Life was good at first. Joe got a great construction job and made good money. Then Joe got in a car accident and suffered lasting mobility problems. He lost his job, and while Jane went to work, the combination of medical bills and reduced income meant the family was often deciding between paying bills and having enough food to eat.
“They come to the pantry each month and get some food to help them make it through,” a pantry volunteer says. “They just need a little help making ends meet. They are so appreciative. Joe always gives us big hugs every time he’s here. That’s all the payment we need.”
Tough Times Conquered
FACT: 1 in 5 children in our community are missing meals not by choice
Mike’s story is a familiar one to food pantry organizers. For all of his adult life, he’d had a good job and a sense of financial security. He had a nice house, and food was certainly the last thing he ever thought he’d be without. Then his employer “downsized,” and Mike’s job was gone.
He kept up for a little while, but little by little the money went away. He tried to find other employment, but times were tough and jobs were scarce. He fell behind on his rent, and bills began to stack up. He and his son began to skip meals, and by the time this proud man reached out for help, they had gone without anything to eat for two days.
Since that time, Mike has found employment again. “It was just a tough little stretch for him and it feels good that we were able to help him through it,” says one of the volunteers.
FACT: 1 in 8 adults are missing meals not by choice
Connie thought she had done everything right. After high school she joined the Army, worked hard to get her college degree, and married a handsome young officer that was the love of her life. When she learned she was pregnant, it seemed to be the cherry on top of the beautiful cake that was her life.

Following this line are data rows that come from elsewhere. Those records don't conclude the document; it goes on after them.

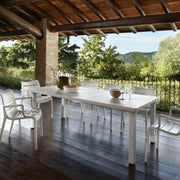 Table en lin extensible d'extérieur 170x100x75H cm PER3 Scab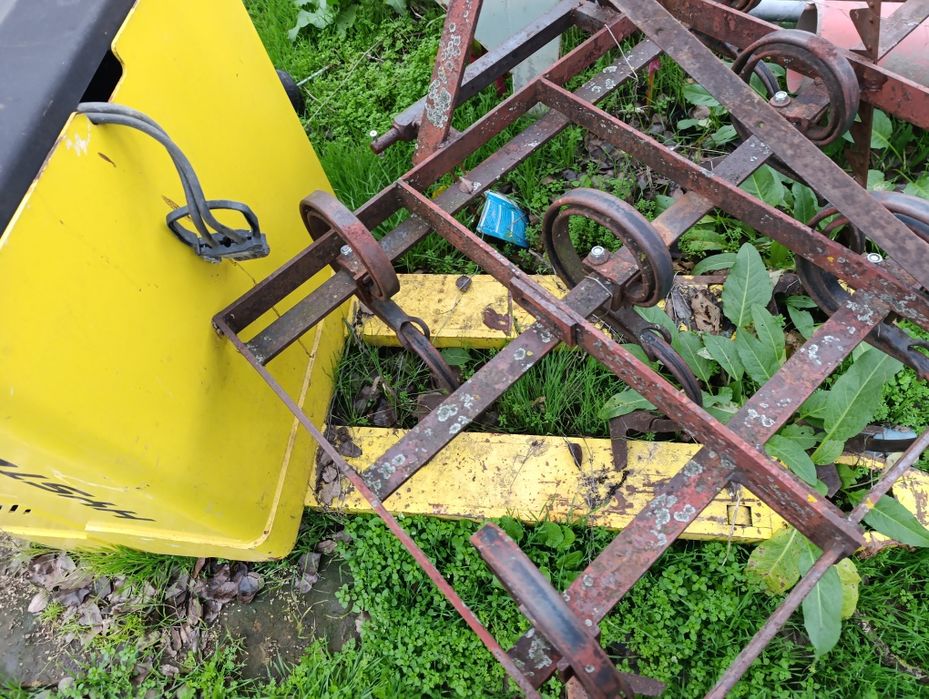 Електрическа палетна количка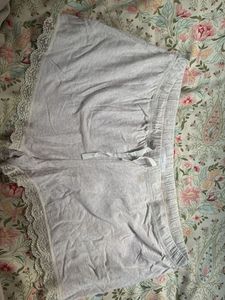 pyjama lace shorts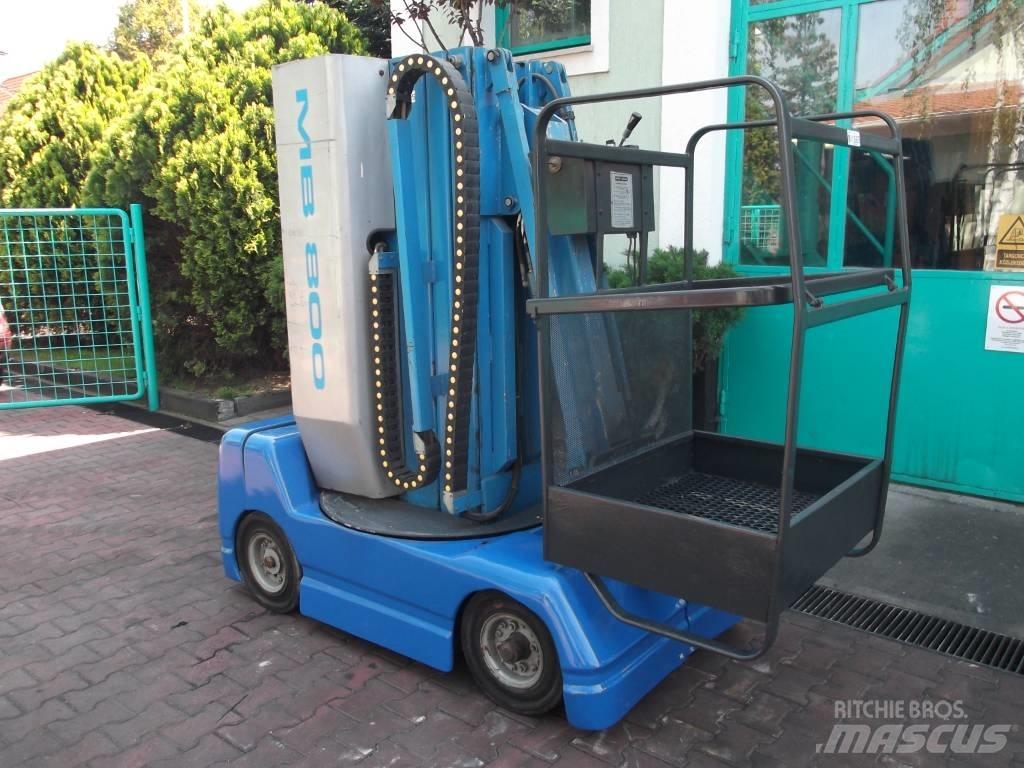  SIMONA MB800     V-1665 Вертикальні щоглові підйомники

But when the child was born with a debilitating brain syndrome, she found that the man of her dreams couldn’t handle the day-to-day issues that came with a special-needs child. He left and wasn’t particularly interested in giving her much assistance. A short time later Connie found a lump on her breast and was told she had Stage 3 breast cancer. Medical bills and lost work time mounted.
With a close group of friends and family to support her, she has been able literally to “soldier on.” Among those friends are the folks from her local pantry who have developed a relationship with her and coordinate deliveries of much- needed food for her and her kids. “Connie is still suffering, but she is so thankful for everything we do,” a volunteer says.